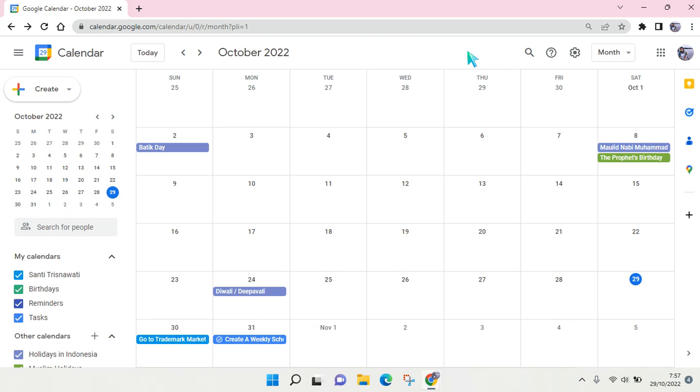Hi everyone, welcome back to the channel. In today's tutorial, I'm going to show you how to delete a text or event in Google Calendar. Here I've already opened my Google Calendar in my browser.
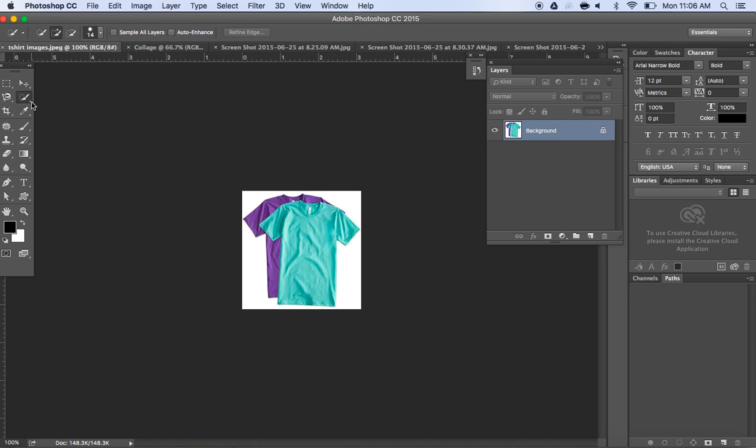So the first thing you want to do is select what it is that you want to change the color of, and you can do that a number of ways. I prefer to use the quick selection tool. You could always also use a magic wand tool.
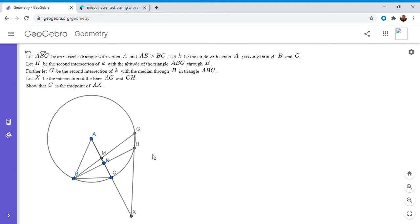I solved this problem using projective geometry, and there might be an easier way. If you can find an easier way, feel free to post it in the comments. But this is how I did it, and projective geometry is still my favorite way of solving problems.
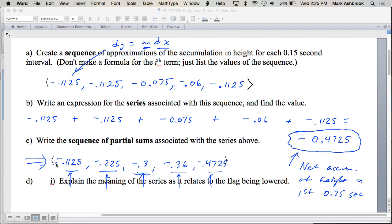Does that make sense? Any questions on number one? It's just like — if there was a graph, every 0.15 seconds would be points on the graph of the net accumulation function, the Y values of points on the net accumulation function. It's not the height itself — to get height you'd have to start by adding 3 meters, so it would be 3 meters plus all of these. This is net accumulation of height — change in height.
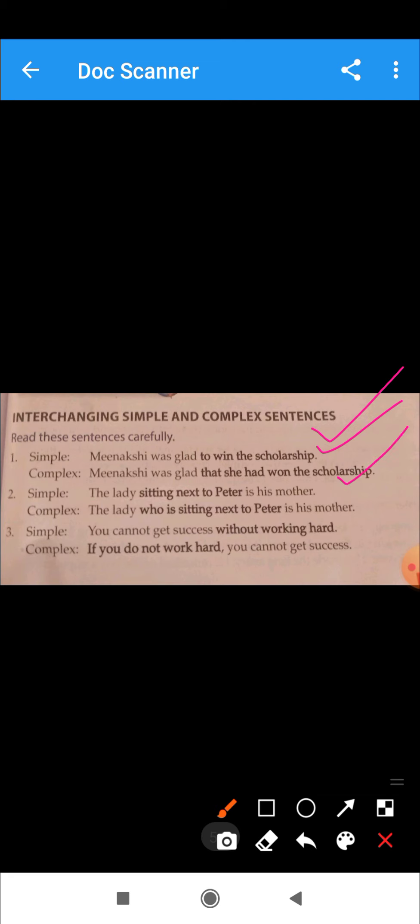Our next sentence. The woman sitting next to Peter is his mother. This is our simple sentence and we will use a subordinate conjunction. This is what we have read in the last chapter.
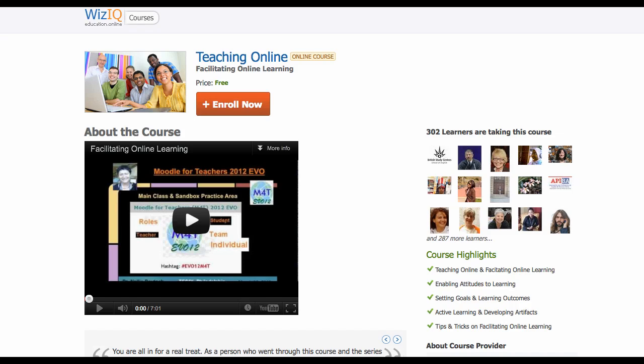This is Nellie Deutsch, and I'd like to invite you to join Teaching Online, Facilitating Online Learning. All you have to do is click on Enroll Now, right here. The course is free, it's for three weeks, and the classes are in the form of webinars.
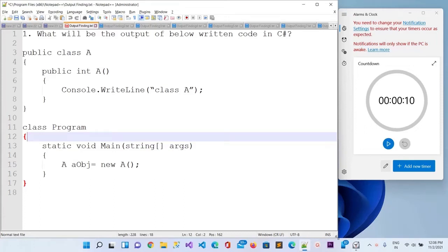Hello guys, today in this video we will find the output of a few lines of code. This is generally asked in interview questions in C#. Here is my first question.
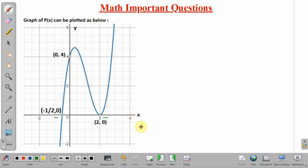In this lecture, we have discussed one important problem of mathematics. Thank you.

-=-=-

THE TASK –
What is needed is the whole listing again, exactly as written, with the images left out.

EXERCISE ANSWER –
Hi everyone, welcome back to the channel. In today's tutorial, I'm going to show you how to delete a text or event in Google Calendar. Here I've already opened my Google Calendar in my browser.
So the first thing you want to do is select what it is that you want to change the color of, and you can do that a number of ways. I prefer to use the quick selection tool. You could always also use a magic wand tool.
I solved this problem using projective geometry, and there might be an easier way. If you can find an easier way, feel free to post it in the comments. But this is how I did it, and projective geometry is still my favorite way of solving problems.
Does that make sense? Any questions on number one? It's just like — if there was a graph, every 0.15 seconds would be points on the graph of the net accumulation function, the Y values of points on the net accumulation function. It's not the height itself — to get height you'd have to start by adding 3 meters, so it would be 3 meters plus all of these. This is net accumulation of height — change in height.
Our next sentence. The woman sitting next to Peter is his mother. This is our simple sentence and we will use a subordinate conjunction. This is what we have read in the last chapter.
This is Nellie Deutsch, and I'd like to invite you to join Teaching Online, Facilitating Online Learning. All you have to do is click on Enroll Now, right here. The course is free, it's for three weeks, and the classes are in the form of webinars.
Hello guys, today in this video we will find the output of a few lines of code. This is generally asked in interview questions in C#. Here is my first question.
In this lecture, we have discussed one important problem of mathematics. Thank you.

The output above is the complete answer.